Mondo irrequieto e ben disposto agli stravolgimenti, quello dell'alternative rock: capita che ci si trovi un giorno a incidere tremule e sanguinose poesiole goticheggianti, e che il giorno dopo si decida di rinnegare praticamente tutto, scarnificando il proprio sound per ripulirlo d'ogni tocco wave, virando a tratti verso un inatteso e cupo minimalismo.
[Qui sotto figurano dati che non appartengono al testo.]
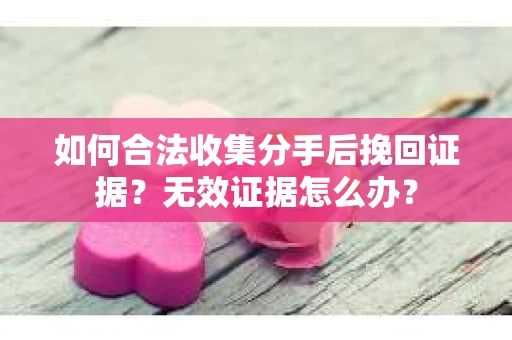 如何合法收集分手后挽回证据？无效证据怎么办？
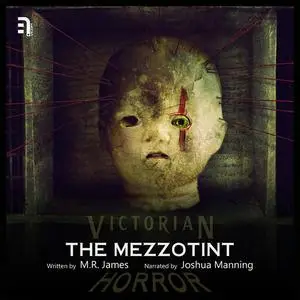 «The Mezzotint» by M.R.James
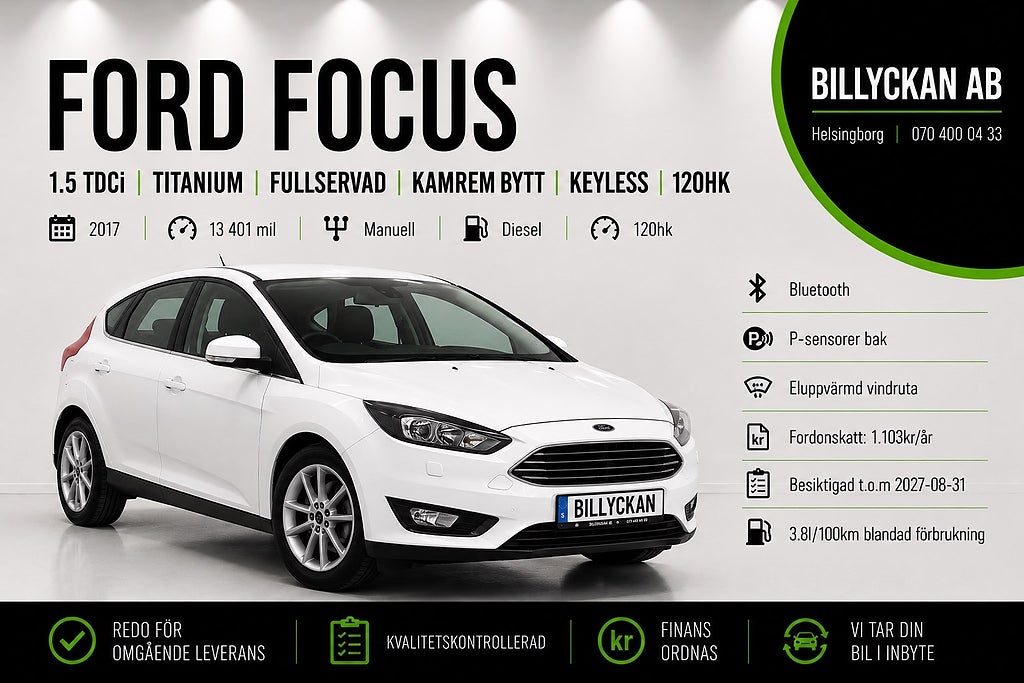 Ford Focus 1.5 TDCi|Titanium|Fullservad|Kamrembytt|Keyless|120hk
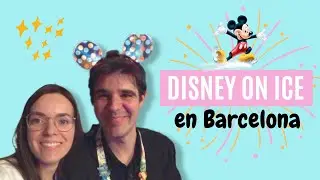 Disney On Ice 2023 Barcelona | Disney Vlog ✨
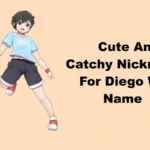 Cute And Catchy Nicknames For Diego With Name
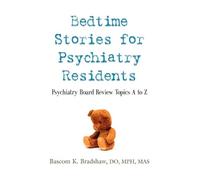 Bascom K. Bradshaw DO MPH MA Bedtime Stories for Psychiatry Resident (Tascabile)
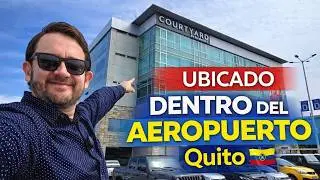 ¡DENTRO DEL AEROPUERTO! 🇪🇨✈️ Así es el NUEVO Courtyard by Marriott QUITO Airport (UIO)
I soggetti dell'impresa in questione rispondono al nome di Esben And The Witch, terzetto anglosassone che vede in Rachel Davies (voce, chitarre), la sua figura centrale e che era assurto alla pubblica (e nostra) attenzione con il caldo, oscuro e sporadicamente dolce "Wash The Sins Not Only The Face". La nuova uscita "A New Nature" prende infatti le massime distanze dalla morbidezza di una "Deathwaltz", pescando qualcosina soltanto da quegli sferraglianti episodi che in passato stridevano nel contesto generale (una discutibilissima "Despair", per fare un esempio).
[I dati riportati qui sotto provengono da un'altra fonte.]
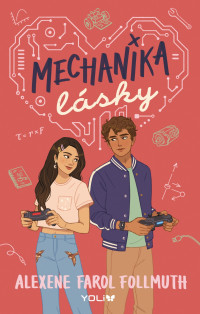 Alexene Farol Follmuth — Mechanika lásky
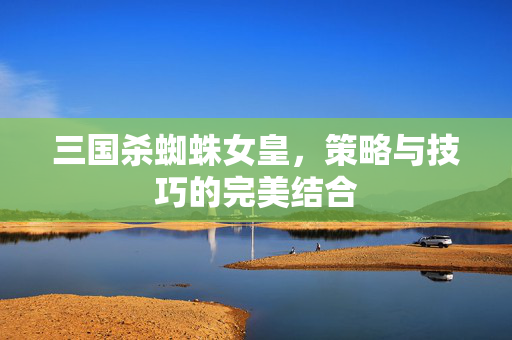 三国杀蜘蛛女皇，策略与技巧的完美结合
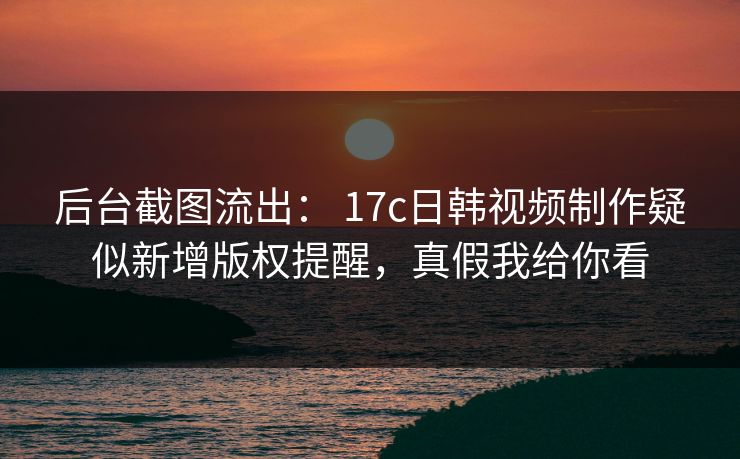 后台截图流出: 17c日韩视频制作疑似新增版权提醒,真假我给你看 后台截图流出: 17c日韩视频制作疑似新增版权提醒,真假我给你看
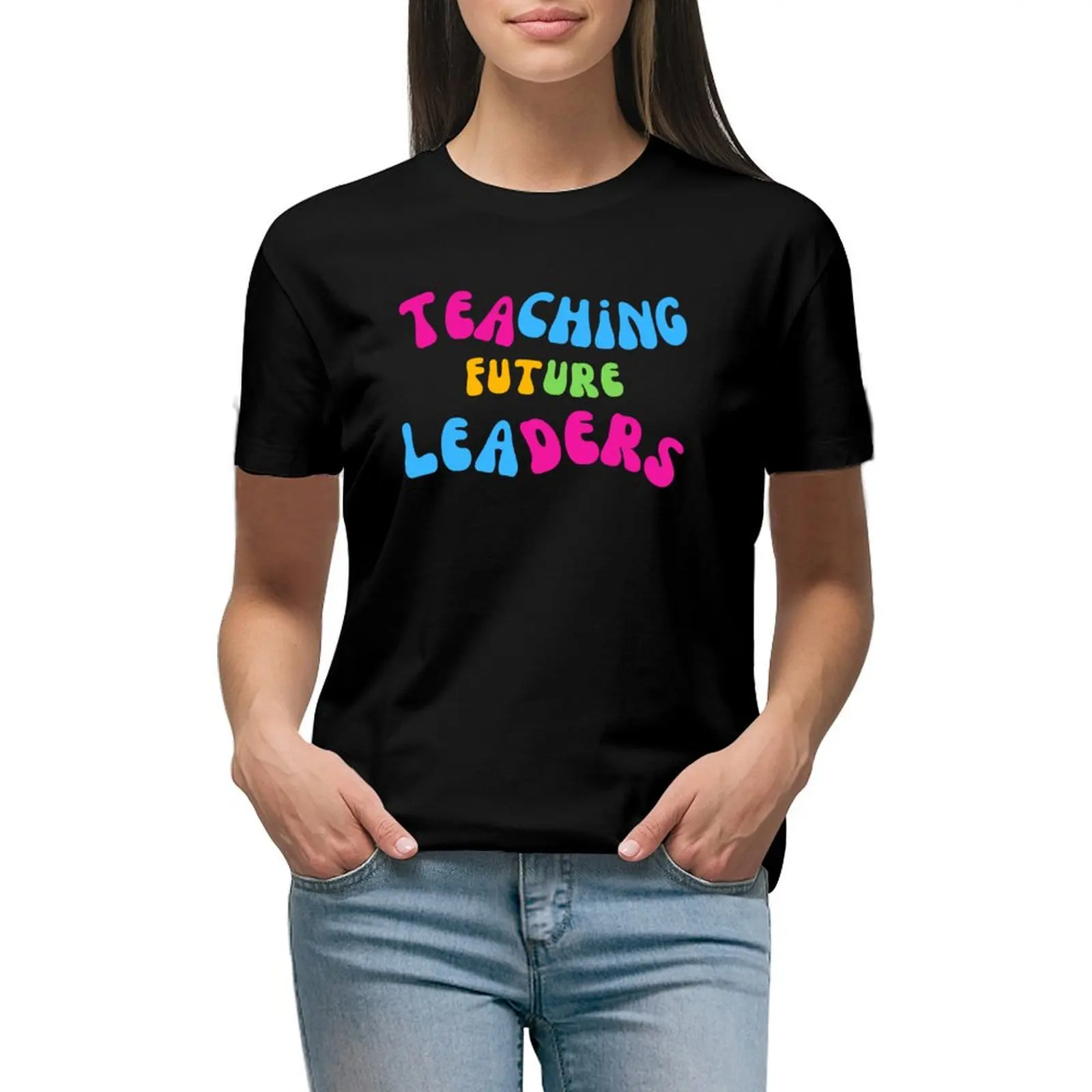 

Teaching Future Leaders T-shirt summer top vintage clothes Womens graphic t shirts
Se strumentalmente la proposta rimane innegabilmente accattivante, con bassi spinti in primissima linea a stendere tappeti di puro rumore (secondo nuove tradizioni del post metal, richiamando anche i Mount Eiree e la loro semisconosciuta perla "Lost Wisdom", o le macabre fanfare di Giles Corey), la batteria a scandire sorde marcette e le chitarre spesso relegate al ruolo di inquieto e spettrale arpeggio, è purtroppo dal punto di vista delle vocals che l'involuzione si fa drammatica: ben lontana dal sepolcrale onirismo delle precedenti uscite, la Davies non mimetizza più tra dolcezze e distensioni le -parecchie- imperfezioni della sua voce, ma pare impegnarsi nell'accentuazione d'ogni spigolosità, nella meticolosa esplorazione d'ogni sfaccettatura del fastidioso: le insopportabilmente lagnose conclusioni (nelle intenzioni crescendo ricchi di pathos) dell'opener "Press Heavenwards!" o del singolo "Blood Teachings" rovinano così brani, per quanto non esaltanti, comunque non malvagi; le leggere stonature e quell'imperturbabile inoffensività da Warpaint degli ultimi tempi scoloriscono oltremodo pezzi come "Dig Your Fingers In" o la breve, conclusiva "Bathed In Light".
Ed è un peccato, perchè gli Esben And The Witch sembrano non aver per nulla perso la capacità di creare atmosfere tese, pulsanti, vive: il lento "Wooden Star" o l'intermezzo strumentale (guidato da un sorprendente sax) della lunghissima suite "The Jungle" testimoniano come la band sappia ancora atterrire come coinvolgere, intimorire come emozionare. "A New Nature" è però l'inevitabilmente acerbo frutto di una virata troppo netta verso una nuova essenza non pienamente interiorizzata, uno stentato primo passo in una nuova direzione ancora non del tutto delineata: non abbastanza, in definitiva, per non far rimpiangere i fasti di appena un anno fa.